Sea como fuere, el sábado me presenté en la manifestación dispuesto a poder ver lo que estaba sucediendo. Más allá de los primeros instantes, en mitad del tumulto de personas, comprendiendo esto que he dicho sobre las banderas, el ambiente relajado –aunque con algún momento de tensión por el enfado social- me terminó por hacerme sentir, simplemente, como aquel acompañante a un concierto que no se sabe ni conoce las canciones.
Y los debates, afortunadamente los debates, las charlas y las conversaciones con gente de todos los estilos y colores, capaces de dialogar en más o menos medida, y que te ayudan a saber expresar esta sensación de que las cosas, política y socialmente, se están haciendo mal.

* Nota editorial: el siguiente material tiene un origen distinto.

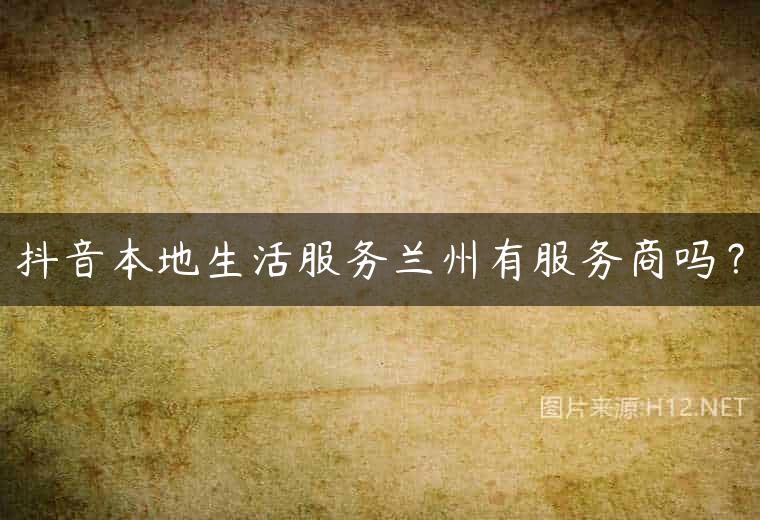 抖音本地生活服务兰州有服务商吗？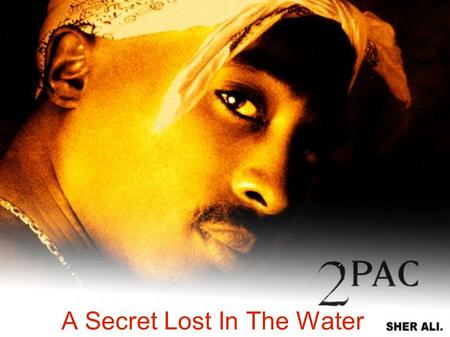 A Secret Lost In The Water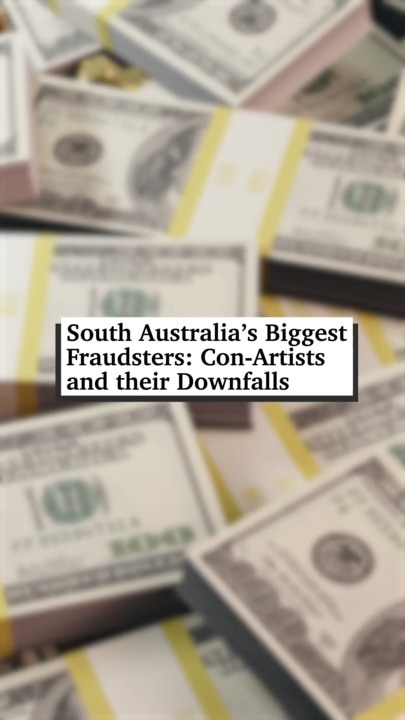 South Australia’s Biggest Fraudsters: Con-Artists and their Downfalls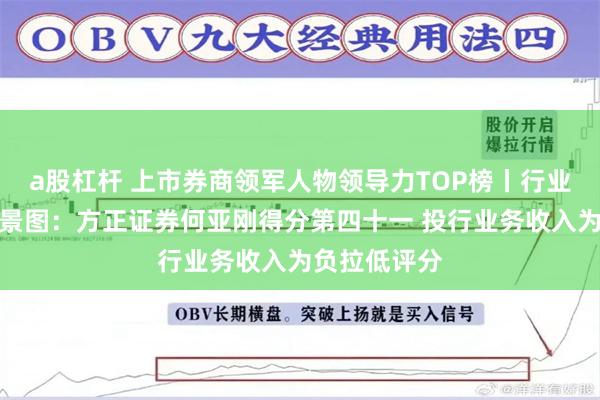 a股杠杆 上市券商领军人物领导力TOP榜丨行业数据评价全景图：方正证券何亚刚得分第四十一 投行业务收入为负拉低评分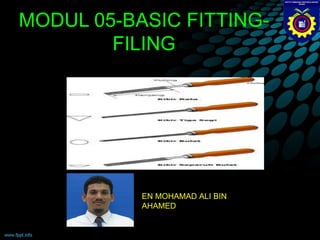 MODUL 05-BASIC FITTING-
        FILING




           EN MOHAMAD ALI BIN
           AHAMED
 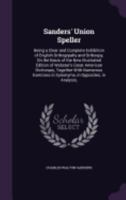 Sanders' Union Speller. Being a Clear and Complete Exhibition of English Orthography and Orthoepy: On the Basis of the new illustrated Edition of Websters Great American Dictionary 1143995910 Book Cover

El Estatut de Cataluña de 2006 no es más que una herramienta política de un gobierno sin ideas, el tripartito, capaz de pensar su seguridad en el poder a través del enfrentamiento con el que, entonces, era el gobierno anti-nacionalista y recalcitrante de José María Aznar. En un clima de conflicto abierto entre dicho gobierno y cualesquiera fuerzas nacionalistas –PNV, EA, CiU, ERC, BNG…-, se propuso una norma que no encajaba con el Estado de Derecho que surgió de 1978. Pero el gobierno central cambió de manos, en parte gracias a los votos y escaños de Cataluña, y eso cambió las cosas.
El tripartito no pudo desdecirse del Estatut, el gobierno central no pudo decir que no y dio un sí con condiciones a través del acuerdo Zapatero-Artur Mas en lo que consistió una venta al mejor postor del gobierno de la Generalitat. Pero el PP y su postura electoralista también salió a relucir, y lo que aprobaba en Andalucía, lo recurría en Cataluña hasta el punto de movilizar a sus jueces del Tribunal Constitucional y a su Defensor del Pueblo –Enrique Múgica fue nombrado por el gobierno Aznar en el año 2000.
Hoy –por el viernes- el Tribunal Constitucional da a conocer lo que ya todos sabían –y sabíamos-, que el Estatut no encaja como tal en la Constitución de 1978 y que por tanto el texto ha de ser cambiado en ciertos puntos tan sensibles como el concepto de nación. El enfado de la ciudadanía es notable y completamente justificable pues un Tribunal obsoleto les ha recortado un texto que ha sido votado en referéndum. Y las fuerzas políticas catalanas, en lugar de aprovechar este impulso y estas ganas de cambio para construir, con otras fuerzas del Estado, el cambio del modelo constitucional que impide todo aquello que reclama la ciudadanía –derecho a decidir, a llamarse nación, a estar a gusto dentro del Estado o, directamente, a independizarse-, se enroca en su postura de no-propuesta y dice sí a un enfrentamiento que sabe desde el inicio que está perdido.
Si el Estatut que se votó en referéndum fue un acto de irresponsabilidad política que nunca se habría de haber dado a votar a la ciudadanía por abrir caminos que se sabían cerrados, ahora se reclama dar voz las exigencias de éstos en un camino que las mismas fuerzas catalanas contribuyeron a cerrar con hormigón armado durante el 78 y que –ya lo saben- nunca podrán abrir solas. Todo por mantener una postura política capaz de movilizar al electorado, mantenerse en el poder y seguir salvando los muebles y la cara en una continúa huída hacia delante.
Mientras seguiremos produciendo generaciones desengañadas con la política que, como aquellas del 78, verán frustrados los cambios que ansían y terminarán por abandonar el barco. Perderemos aún más calidad democrática y lograremos cansar a quienes han venido con sentido crítico, logrando enfrentar aún más a las diferentes regiones de España e impidiendo así que el melón de la Constitución, verdadera llave del cambio, se abra. Quienes en sus sillas llevan viendo cómo esto se desmorona, pensarán cuál es la mejor manera de sacar beneficio económico de todo esto, se llame nación, autonomía, región o una y libre.